Department of Bone and Soft Tissue Tumor, Tianjin Medical University Cancer Hospital & Institute, Tianjin 300060, China.
BMC Med Genomics. 2013 Dec 15;6:56. doi: 10.1186/1755-8794-6-56.
To investigate associations between WW domain-containing oxidoreductase (WWOX), runt-related transcription factor 2 (RUNX2) and vascular endothelial growth factor alpha (VEGFA) in human osteosarcoma (OS).
Copy number aberrations of WWOX, RUNX2and VEGFA genes were detected by microarray comparative genomic hybridization (aCGH) in 10 fresh OS tissue samples. VEGFA gene alterations were also investigated and validated by fluorescence in situ hybridization (FISH) in 54 formalin-fixed and paraffin-embedded (FFPE) OS samples. Protein expression of WWOX, RUNX2 and VEGFA were examined in 54 FFPE OS samples by immunohistochemistry (IHC).

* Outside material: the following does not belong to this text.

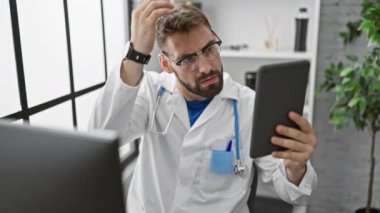 Genç, yakışıklı İspanyol doktor, meslek ve stili birleştiriyor, klinikteki iş yerinde saç tarama ve dokunmatik tabaka ile resim yapıyor.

Analysis of previously published OS aCGH data (GSE9654) and aCGH data from this study (GSE19180) identified significant deletion of WWOX in 30% (6/20) of OS samples, whilst significant increase in both RUNX2 and VEGFA gene copy numbers were detected in 55% (11/20) and 60% (12/20) of OS samples, respectively. FISH demonstrated increased VEGFA gene copy number in 65.9% (31/47) of evaluable samples, in either focal or large fragment forms. Compared with positive expression of WWOX in 38.9% of the OS samples, positive expression of RUNX2 and VEGFA protein was found in 48.1 and 75.9% of samples. Although there was no significant association between gene copy number aberration and protein expression for WWOX and RUNX2, significant positive correlation between increased VEGFA gene copy number and VEGFA protein expression was observed. Although there was no significant reverse association between WWOX and RUNX2 expression, a significantly positive relationship was observed between RUNX2 and VEGFA protein expression.
Our data show increased RUNX2 and VEGFA gene copy numbers and elevation of their respective proteins in human OS. Positive correlation of RUNX2 and VEGFA suggests that both increased VEGFA gene copy number and RUNX2 overexpression facilitate increased expression of VEGFA.
研究 WW 结构域包含的氧化还原酶(WWOX)、 runt 相关转录因子 2(RUNX2)和血管内皮生长因子 alpha(VEGFA)在人骨肉瘤(OS)中的关联。
通过微阵列比较基因组杂交(aCGH)在 10 例新鲜 OS 组织样本中检测 WWOX、RUNX2 和 VEGFA 基因的拷贝数异常。在 54 例福尔马林固定和石蜡包埋(FFPE)OS 样本中通过荧光原位杂交(FISH)也研究和验证了 VEGFA 基因的改变。通过免疫组织化学(IHC)检测 54 例 FFPE OS 样本中 WWOX、RUNX2 和 VEGFA 的蛋白表达。
分析先前发表的 OS aCGH 数据(GSE9654)和本研究的 aCGH 数据(GSE19180),发现 30%(6/20)的 OS 样本中存在 WWOX 的显著缺失,而 RUNX2 和 VEGFA 基因拷贝数的显著增加分别在 55%(11/20)和 60%(12/20)的 OS 样本中检测到。FISH 显示在 65.9%(31/47)可评估样本中存在 VEGFA 基因拷贝数增加,表现为局灶性或大片段形式。与 OS 样本中 WWOX 阳性表达的 38.9%相比,RUNX2 和 VEGFA 蛋白的阳性表达分别在 48.1%和 75.9%的样本中发现。尽管 WWOX 和 RUNX2 的基因拷贝数异常与蛋白表达之间没有显著关联,但 VEGFA 基因拷贝数的增加与 VEGFA 蛋白表达之间存在显著的正相关。尽管 WWOX 和 RUNX2 表达之间没有显著的反向关联,但观察到 RUNX2 和 VEGFA 蛋白表达之间存在显著的正相关关系。
我们的数据显示,人骨肉瘤中 RUNX2 和 VEGFA 基因的拷贝数增加,相应蛋白水平升高。RUNX2 和 VEGFA 的正相关表明,VEGFA 基因拷贝数的增加和 RUNX2 的过表达都促进了 VEGFA 的表达。